Young people from 40 countries gather at convocation

More than 330 United Methodist young adults gathered for five days of conversation, worship and fellowship at the fourth Global Young People’s Convocation.

The delegates from 40 countries in four regions of the world came together for the leadership development event organized by Young People’s Ministries, a division of United Methodist Discipleship Ministries.

The delegates discussed issues affecting young people and unity in the church.

Kakou Francois Moro, 29, of Côte d’Ivoire, said his group discussed politics and theology. “We looked at how the church can help implement democracy in countries holding national elections,” he said.

Another group discussed “Interfaith dialogue in the South African context” and agreed the call to love our neighbor includes those outside our faith. 

Lily Majamaa, 27, of Nigeria said he learned The United Methodist Church offers resources for spiritual growth through discipleship and leadership development.

“This is my first time to attend GYPC. I really enjoyed the group discussions with people from all parts of the world. I made connections and will continue to communicate with my new friends after this event,” he said.

Arkansas Conference delegate, Miller Wilbourn, 22, was part of the workshop that discussed migration.

“We talked about how the way our Christian faith and our understanding of scripture informs the way we should act towards strangers in our countries, whether they are migrants looking for work or fleeing violence and other situations at home,” he said.

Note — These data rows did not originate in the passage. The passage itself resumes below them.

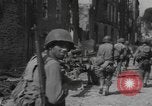Image des soldats américains Mortain France, 1944, de la seconde 26 séquences d'archives historiques vidéo 65675077006
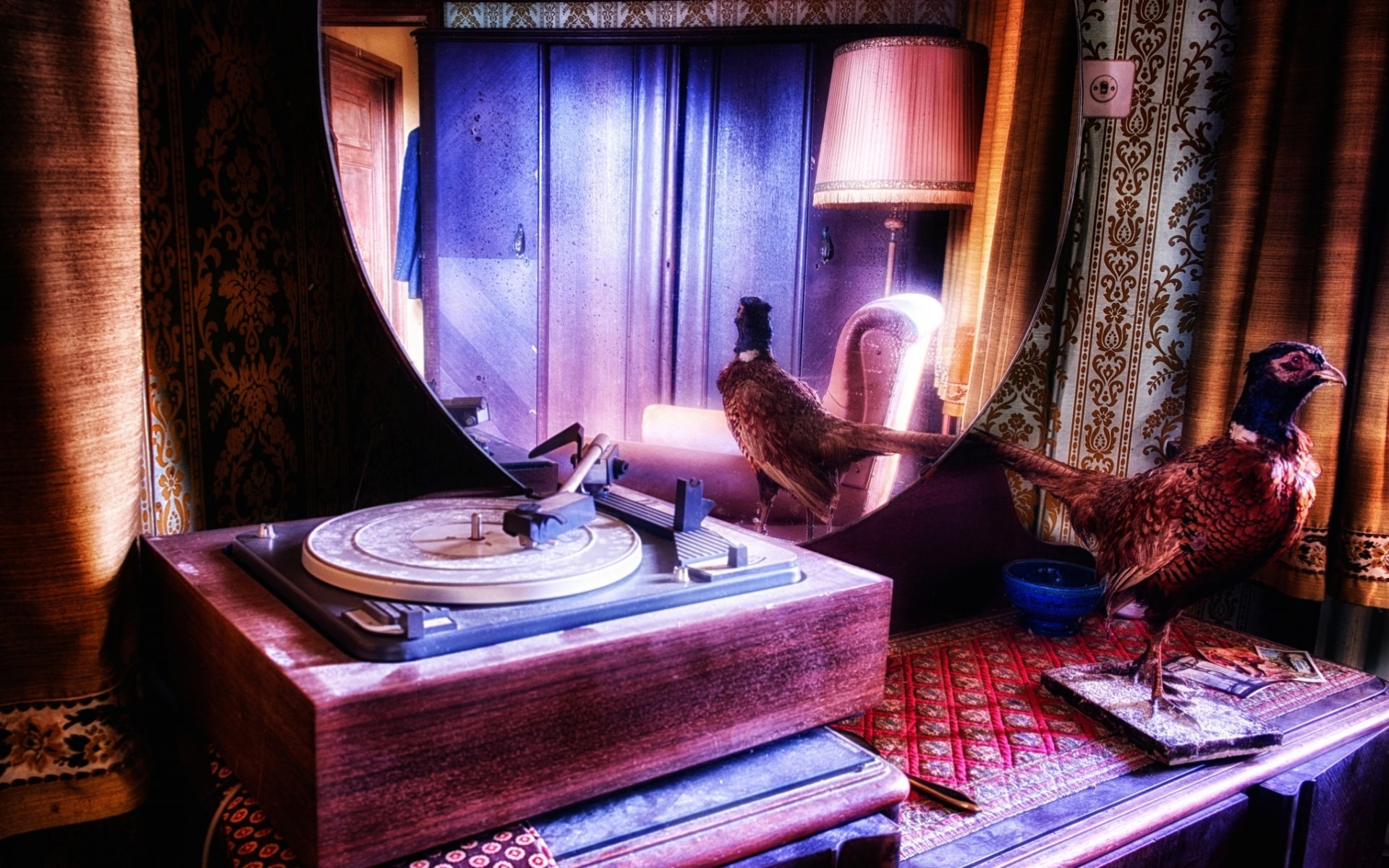 gramophone music background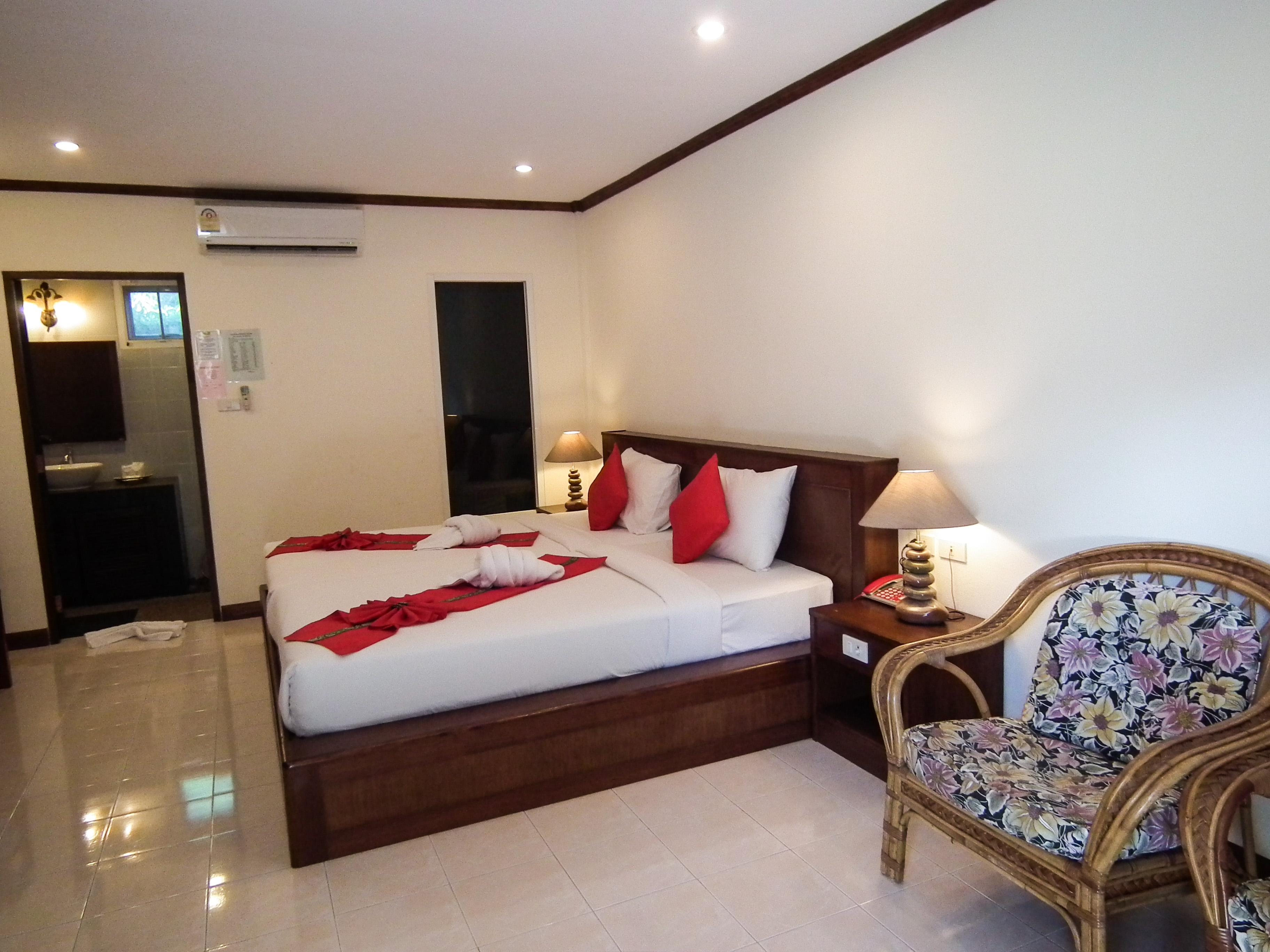 Chana hotel andaman phuket. Andaman Seaside Resort Bangtao отзыв.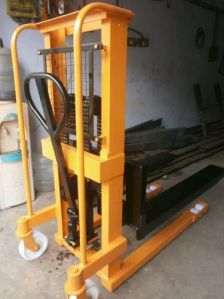 Manual Hydraulic Stacker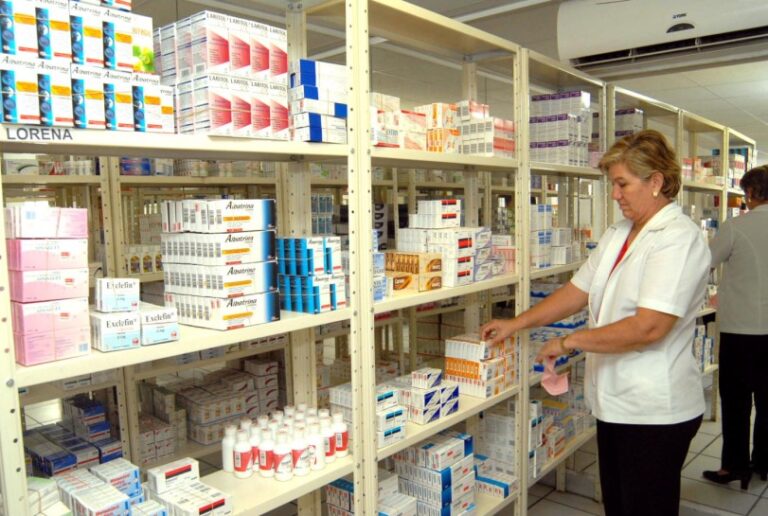 Sector farmacéutico espera crecer nuevamente a partir de abril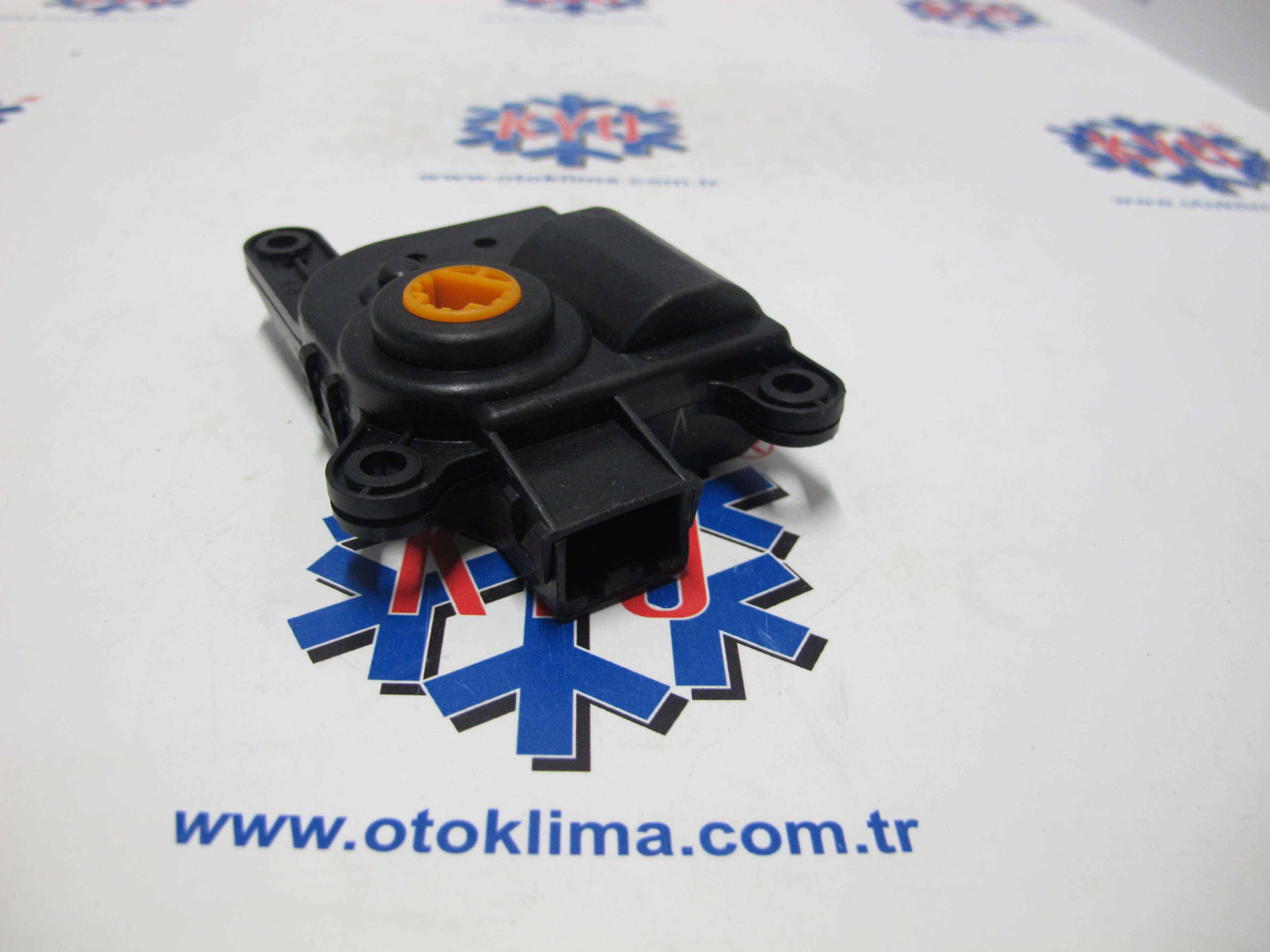 KYOKM D332 AP6LA HYUNDAİ İ30 KLAPE MOTORU OEM:D332 AP6LA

“We heard different stories from people who had to flee their homes and we discussed the political forces which cause global migration and how governments failed to adhere to United Nations guidelines on treatment of migrants.”

Anna Shipley, 18, attended the workshop on discerning the call to ministry. “We talked about different prayer practices and ways to listen before you try to move forward. I also participated in group discussions about feminism and women’s rights,” she said.

Deinah Lurpo Quire, 28, of Liberia, was interested in responding to the call to ministry.  “I learned how to respond to a call, how to listen to the word of God and how to discern if God is speaking to you,” she said.

Quire, daughter of Liberian Bishop Samuel J. Quire Jr., said she received the call to ministry before her father was elected bishop.

“I still had to find my place — whether to go into discipleship or become an ordained minister. I finally got the opportunity to serve as a Global Mission Fellow, so I feel I am called to discipleship,” she said.

Tyler Smoot, the worship coordinator for the convocation, said the theme “United We Go” was selected by the worship team to highlight the work of the church in the world.

“The situation in the church is tense right now and we wanted to speak about uniting. For young people, it is important that the church does not simply exist, but it goes out serving in the world and mission,” he said.

“The planning team realized each of the words could be isolated and stand as a miniature theme. On the first and last day, we brought all the words together, but on other days we had worship focusing on single words.”

Smoot, an Alabama law student who is a volunteer on the event planning team, said the colors were chosen from the South African flag. 

“The symbol is an artistic design of a tree. The concept was devised when we visited Constitution Hill in Johannesburg and learned that trees were community meeting places.  We were told in many African cultures, chiefs would gather under a tree to settle disputes or have conversations,” Smoot said.

“Indaba is Zulu, meaning gathering or conversation, so the venue — Indaba Hotel and Conference Centre — is an appropriate place for our global gathering.”

He said it is challenging to hold conversation in the church right now because there is a lot of tension about sexuality and the nature of the church and Bible interpretation.

“The legislation at GYPC2018 is about conversation and trying to build relationships,” Smoot said.

Bishop Joaquina F. Nhanala, leader of the Mozambique Episcopal Area, which includes South Africa, said it is important for the church to be united.

“There is strength in unity and weakness in division. You are very important in the body of Christ because you were called by God,” the bishop said.

“If you want to move fast, move alone, but if you want to go far, you must move together.  We want to go far as a church.”

Mighty Rasing, director of program development for Young People’s Ministries, said the convocation is an opportunity for young people to come together, build relationships and share their personal stories about engagement in the church.

“At GYPC2018, we have intentionally provided spaces for those conversations and for those stories to be shared.  I am really excited about the stories that will be told and the ministries that will be celebrated and the connections and partnerships to be formed at this convocation,” Rasing said.

“We have come together as United Methodists from around the world to pray together, discern together and journey together.”

Chikwanah is a communicator of the Zimbabwe East Conference.